Ancora una volta gli atleti hanno dimostrato di essere la parte migliore, superando problematiche poste da dirigenze ed enti non proprio confortanti nelle loro beghe da parrocchietta (politica).
I cinque ori dell’atletica, certamente inattesi in tal numero, indurranno a riflettere sull’organizzazione, sulla capacità di adattamento di tecnici, sempre poco pagati, e atleti: se il talento di Marcell Jacobs spiega i miglioramenti nel giro di un anno e la bravura di Paolo Camossi, il suo tecnico, ha aggiunto il quid mancante per farne risplendere le doti, la tecnica e la personalità dei marciatori hanno riproposto l’identità di una scuola, la folle testardaggine di Gimbo Tamberi ci ha ricordato come siamo fatti e di quali miracoli siamo capaci, infine l’assolo fantastico della 4×100 in pista ha riassunto preparazione, cura dei particolari e metodo dei nostri tecnici, ora studiati dal resto del mondo. Ecco, dunque, che l’atletica ha messo in mostra tutte le qualità dello sport italiano che altri movimenti, dal nuoto alla pesistica, dalle arti marziali al canottaggio, hanno riproposto sotto varie forme. Ci saranno rimasti male gli amanti della scherma, che ha regalato sempre bottini con tanto di oro puro: stavolta in linea con le medaglie, molto meno con gli ori. Per tutti esiste il momento della transizione tra la schiera di campioni del passato e la normalità del presente. Oggi abbiamo bravi atleti, non sempre campioni: la scherma richiede tecnica e forza nella testa. Vezzali ne è stata un esempio. Qualche scuola si è inaridita, forse servirà una rispolveratina anche negli ambienti tecnici. Ma la scherma risorgerà: e la sua favola continuerà. Speriamo, piuttosto, che la favola continui anche negli altri settori. Arrivare in alto è faticoso, restarci molto di più.

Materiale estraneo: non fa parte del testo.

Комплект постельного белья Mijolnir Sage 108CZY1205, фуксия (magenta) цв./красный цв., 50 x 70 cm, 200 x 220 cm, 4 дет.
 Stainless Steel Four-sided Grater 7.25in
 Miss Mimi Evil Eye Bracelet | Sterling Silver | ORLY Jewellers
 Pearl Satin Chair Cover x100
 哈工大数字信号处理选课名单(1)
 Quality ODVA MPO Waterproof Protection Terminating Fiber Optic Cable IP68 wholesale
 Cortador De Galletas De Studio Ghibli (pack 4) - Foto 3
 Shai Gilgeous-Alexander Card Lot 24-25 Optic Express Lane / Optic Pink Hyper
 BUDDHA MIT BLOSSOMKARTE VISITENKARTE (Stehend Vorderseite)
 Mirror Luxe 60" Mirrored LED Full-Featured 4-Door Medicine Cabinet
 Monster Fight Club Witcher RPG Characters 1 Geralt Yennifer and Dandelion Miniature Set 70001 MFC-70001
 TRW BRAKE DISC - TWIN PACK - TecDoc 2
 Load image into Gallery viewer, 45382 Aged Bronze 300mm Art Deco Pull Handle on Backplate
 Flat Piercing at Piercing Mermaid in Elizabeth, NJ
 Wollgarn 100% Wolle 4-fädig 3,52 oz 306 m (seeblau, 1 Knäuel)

E qui aggiungiamo qualcosa che interessa noi giornalisti che parliamo, amiamo, ci appassioniamo allo sport: gli atleti, come quasi sempre accade dopo una Olimpiade, ci hanno rinfacciato il maggior interesse per un gol di Lukaku piuttosto che per una loro medaglia d’oro. Tutto vero, e non nascondiamoci sempre dietro agli interessi editoriali: nessuno perderà copie, o audience, dedicando uno spazio in più allo sport che vince ma non scatena risse da bar. Se per una volta Jacobs ruba la prima pagina rosa a Cristiano Ronaldo, pazienza! Ogni tanto dovremmo ricordarci di fare cultura sportiva, non solo cullarci nello sport. Conoscendo la categoria, fra tre anni saremo a riparlarne noi e gli atleti a lamentarsene.